It has been over a generation since the U.S. Senate hearings on the sexual harassment charges of a law professor, Anita Hill, against then judge, now Supreme Court justice, Clarence Thomas.
A lot has changed since then.
Or has it?
The French have a saying, “Plus ca change,” or “The more things change, the more they stay the same.”
The charges now poised against a sitting judge, and possible justice, Brett Kavanaugh, by a psychology professor, Dr. Christine B. Ford, of sexual assault over 30 years ago, show us that things have changed very little.
For power remains a mostly male prerogative, and women, unless they act as man-like as possible, are, more often than not, treated like children: seen and not heard.
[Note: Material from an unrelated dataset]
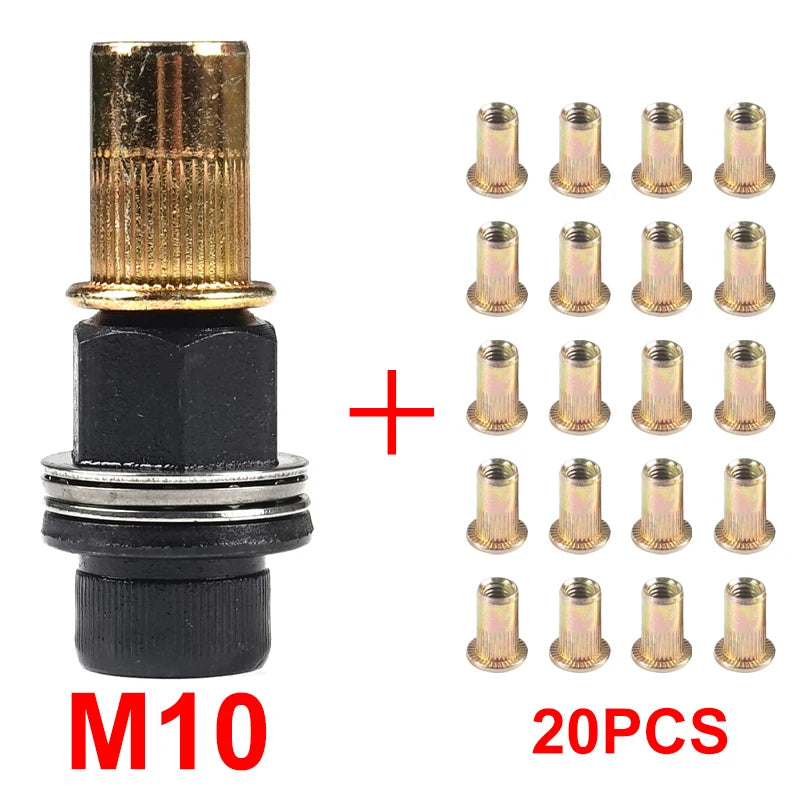 A set of 20 precision hand rivet nuts in gold and black finishes, including a cylindrical piece.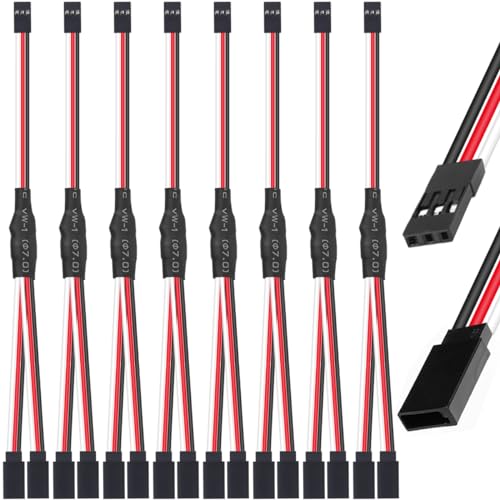 8 Pcs 7cm 3-Pin Male to Female Servo Extension Cable, Black, Red, White, Copper Core, High Current, Anti-Interference, Stable Signal, RC, Car, Plane, Helicopter, Drone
For at the nexus between law and power lies the courts, one of the last, mighty bastions of male power.
The remarkable #Me Too movement may have enormous power in the realm of culture (think Hollywood), but law remains a largely (white) male preserve.
Women, the majority of the U.S. population, are not the majority of political leaders, don’t earn the highest incomes and aren’t paid wages equal to men.
In other words, their power is quite limited.
They are, however, the highest number of law students in the country, so that day is coming when they will dominate the field.
But not today.
Man power still reigns in politics and law, and unless I miss my guess, in the next few days, we shall see Brett Kavanaugh don the dark robe of a junior justice of the U.S. Supreme Court.